On we go into the year… Fall is moving quickly along in spite of a long, uneventful Sunday. I’m grateful for the down time, cuz things will be back up and running full speed soon enough.

The House Cafe

It was a time in which I learned an awful lot, and it seemed everything was happening all at once. It was a time which, while an important chapter in the course of my life, would not be one I’d ever care to repeat. I had three things weighing heavy on my heart: first was my son. Each day I’d drop off my special-needs, vision-impaired son at daycare and would remain in a state of low-grade guilt and discomfort all day as a result. I would rather have been with him, but it just wasn’t possible as now I had a new full-time job, item number two on the list…. I was the owner and manager of The House Cafe. While more my husband’s dream than mine, he already had a full-time job, so this role became mine. Truly, it was no mere coffee shop, rather it was a restaurant and a nightclub. Live music six days a week, a liquor license, food to order, store, inventory and prepare – and college-aged employees to get most of it done. And then there was item number three: my marriage. A union of over twenty years that was fast dissolving into thin air right before my eyes. It was profoundly frightening, Each day I felt as if I were walking through a horrible, waking dream, yet I had absolutely no time to deal with it. I was so busy, in fact, that most times I told myself it was just the stress of the job; things were just temporarily off course. One day things would be back the way they’d been. That’s what I had to tell myself in order to get though. I had left my familiar and beloved life behind in Evanston and had hit the ground in Dekalb running at breakneck speed, but it was still my greatest hope that a peaceful family life lay somewhere ahead.

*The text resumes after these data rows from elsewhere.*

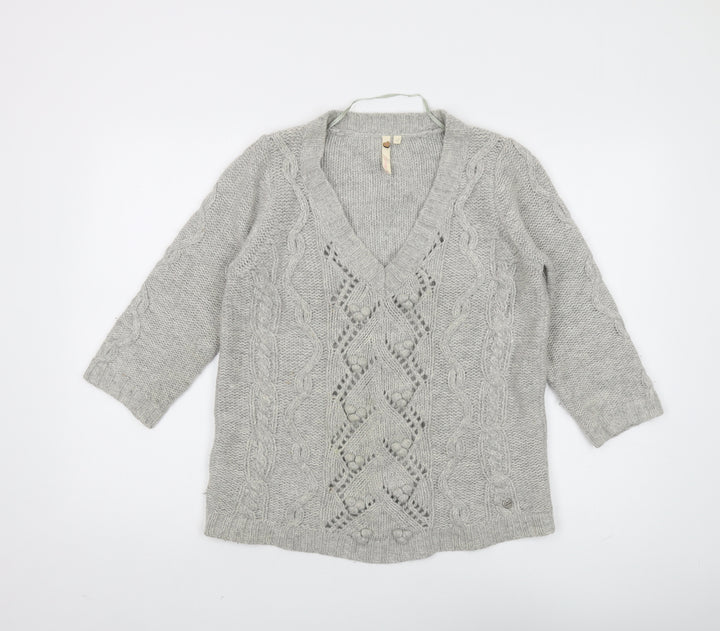 White Stuff Women’s Grey Cable-Knit Jumper Size 12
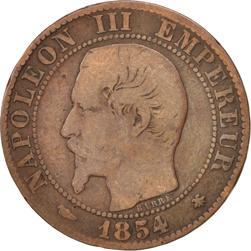 France | 5 Centimes Coin | Napoleon III | Eagle | Km:777 | 1853 - 1857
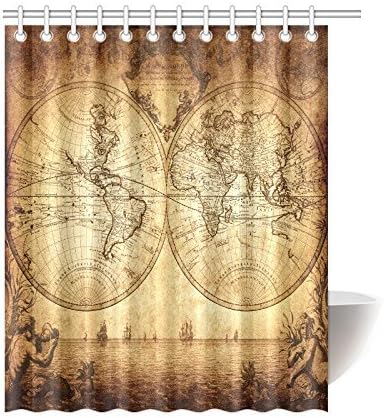 Home Bathroom Decor Vintage World Map Shower Curtain Hooks 60x72 Inch ...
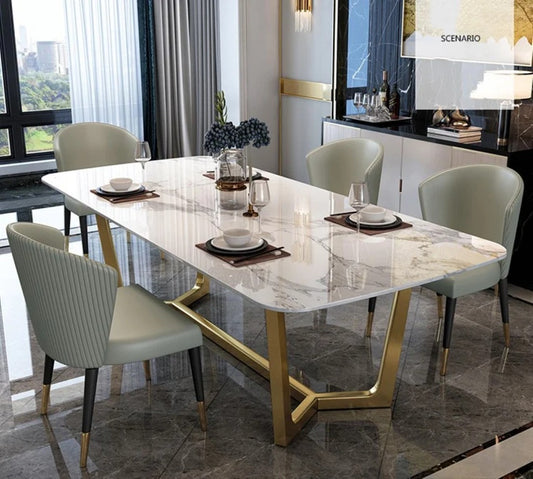 Luxury Marble Dining Table with Gold Stainless Steel Base & Upholstered Chairs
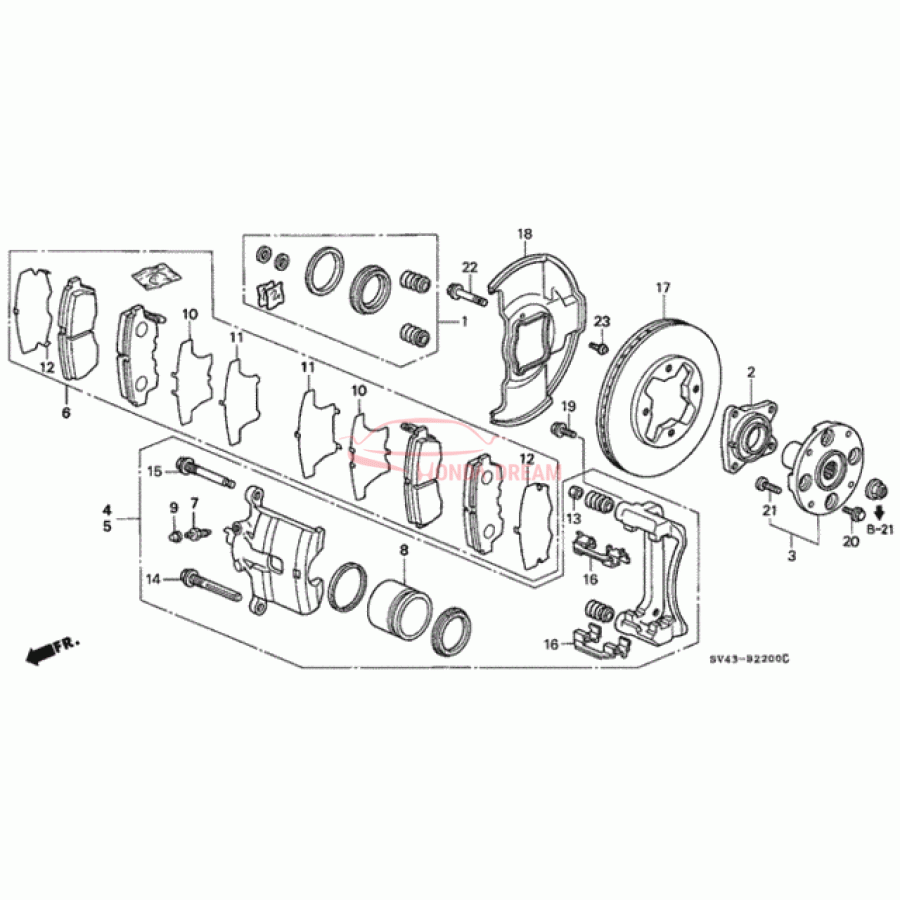 Caliper Set, Front (01463-SM4-A01) - 1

Having just set this up as a rather dark piece about a difficult time and a challenging job, let me now elaborate a bit upon what it was that made this experience so rich. As I once wrote – in my very first piece ever on this blog – I experienced a range of events in working at The House Cafe that I might have expected from a decade of management, not a mere two years. Some were terrible to live through, and some were very rewarding. Employees were for the most part intelligent kids with humor and good sense (not all of them, but most) and I loved to know that we ran a place that was comfortable and inviting. That it was a place in our small town where folks of all types could meet and hang. We had a toy box and couches, rotating installations of local art on the walls, we had a bright area up front, and cozy dark booths in back. Even four bathrooms. During the daytimes it was moms and tots and students studying, by afternoon it was the bands loading in. The place radically changed character at night – and frankly, as a mom to a little one, I wasn’t able to enjoy the shows too often. Sometimes I wouldn’t really want to; when the kids lined up around the block and down the hill I knew we’d be in for a heavy-hitting night. More than once I’d have to pack tiny Elihu in the minivan and stop by the club to tell the booking guy he had to close the doors. I know it was tempting for him (cuz he got paid by the head count) and it was tempting for me too to want that extra income – but we just couldn’t go over capacity. But as a business, you gotta admit that’s a pretty good problem to have!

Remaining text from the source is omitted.